TASK INSTRUCTIONS => For this exercise, retype all the data exactly and exclude every image.

AVAILABLE DATA =>
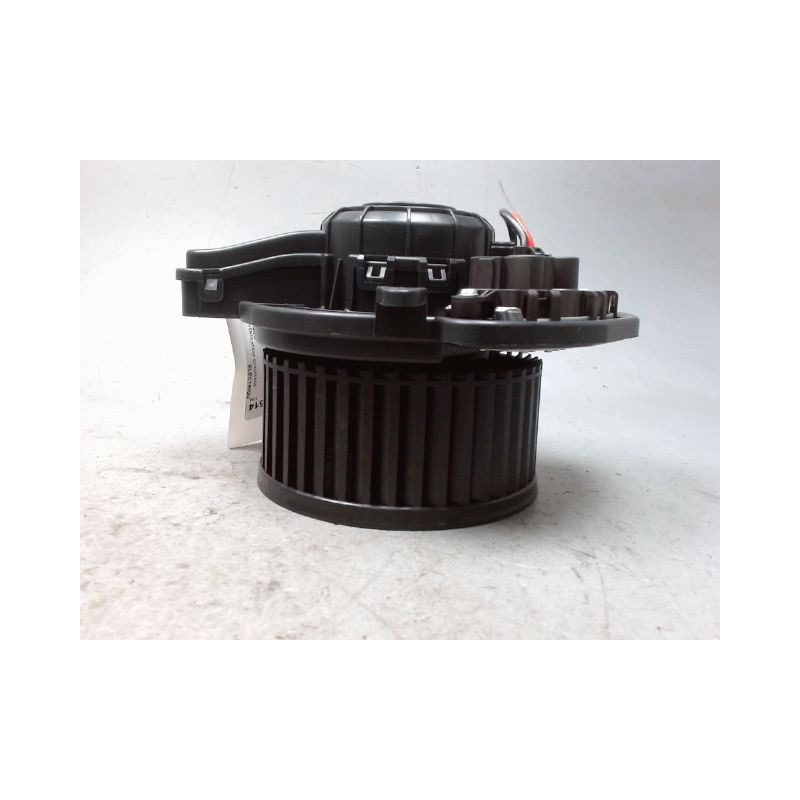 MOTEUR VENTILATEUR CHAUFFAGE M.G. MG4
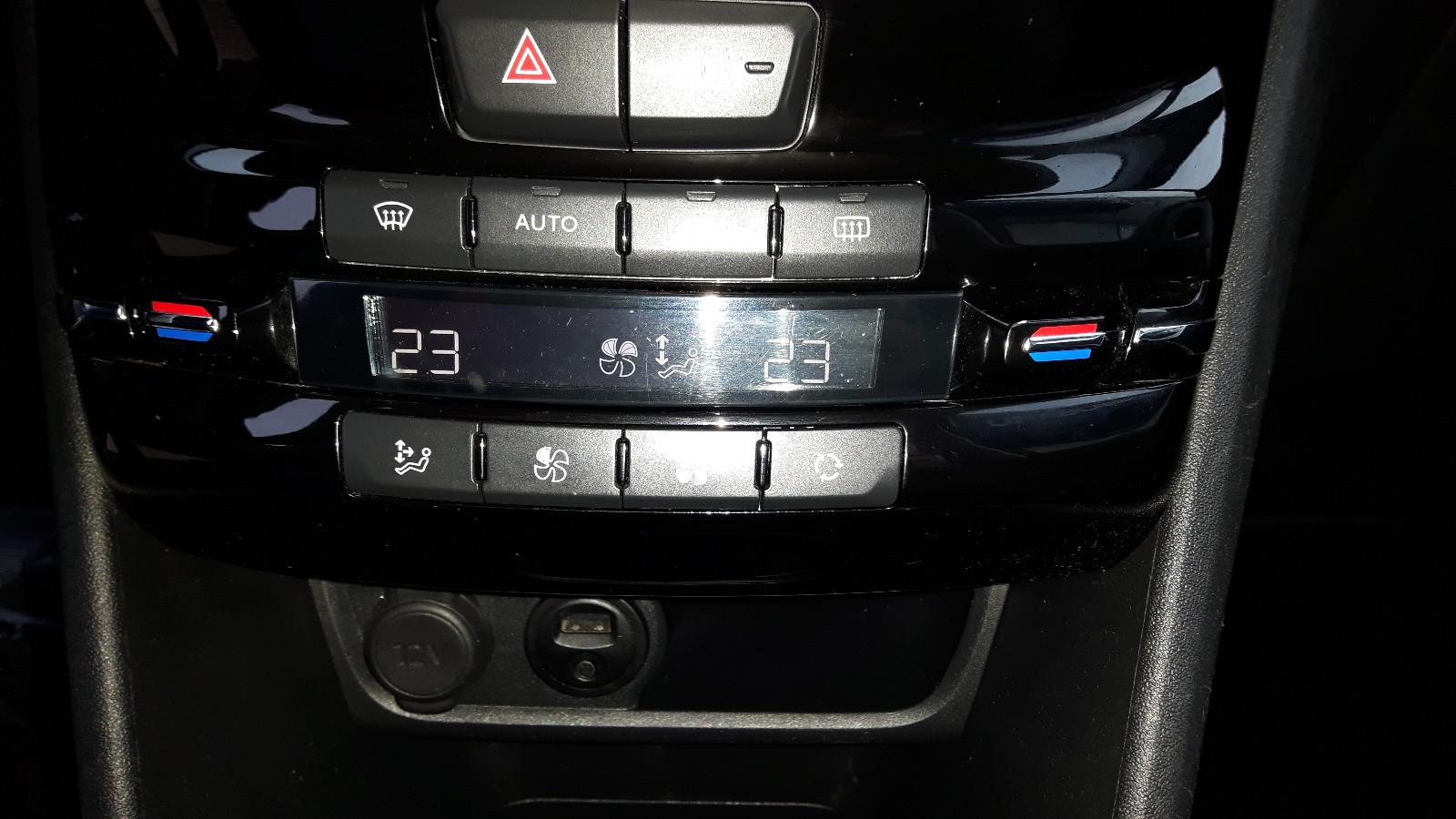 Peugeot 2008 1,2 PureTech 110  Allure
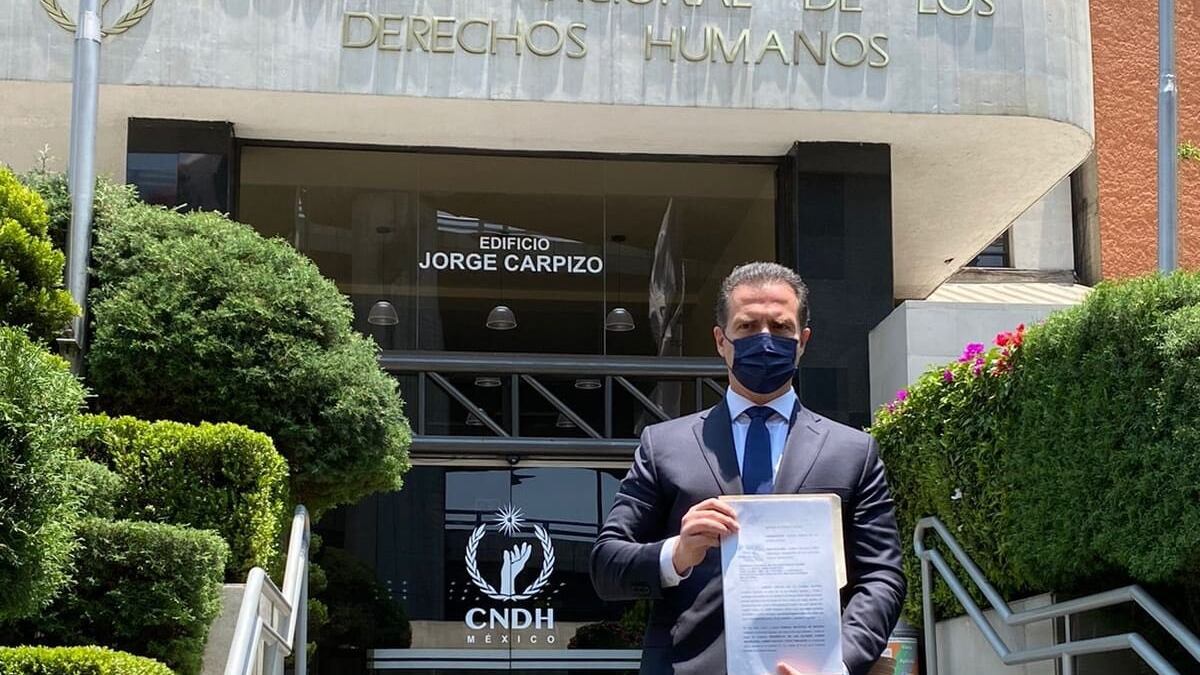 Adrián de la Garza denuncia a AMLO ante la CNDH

TASK OUTPUT =>
 MOTEUR VENTILATEUR CHAUFFAGE M.G. MG4
 Peugeot 2008 1,2 PureTech 110  Allure
 Adrián de la Garza denuncia a AMLO ante la CNDH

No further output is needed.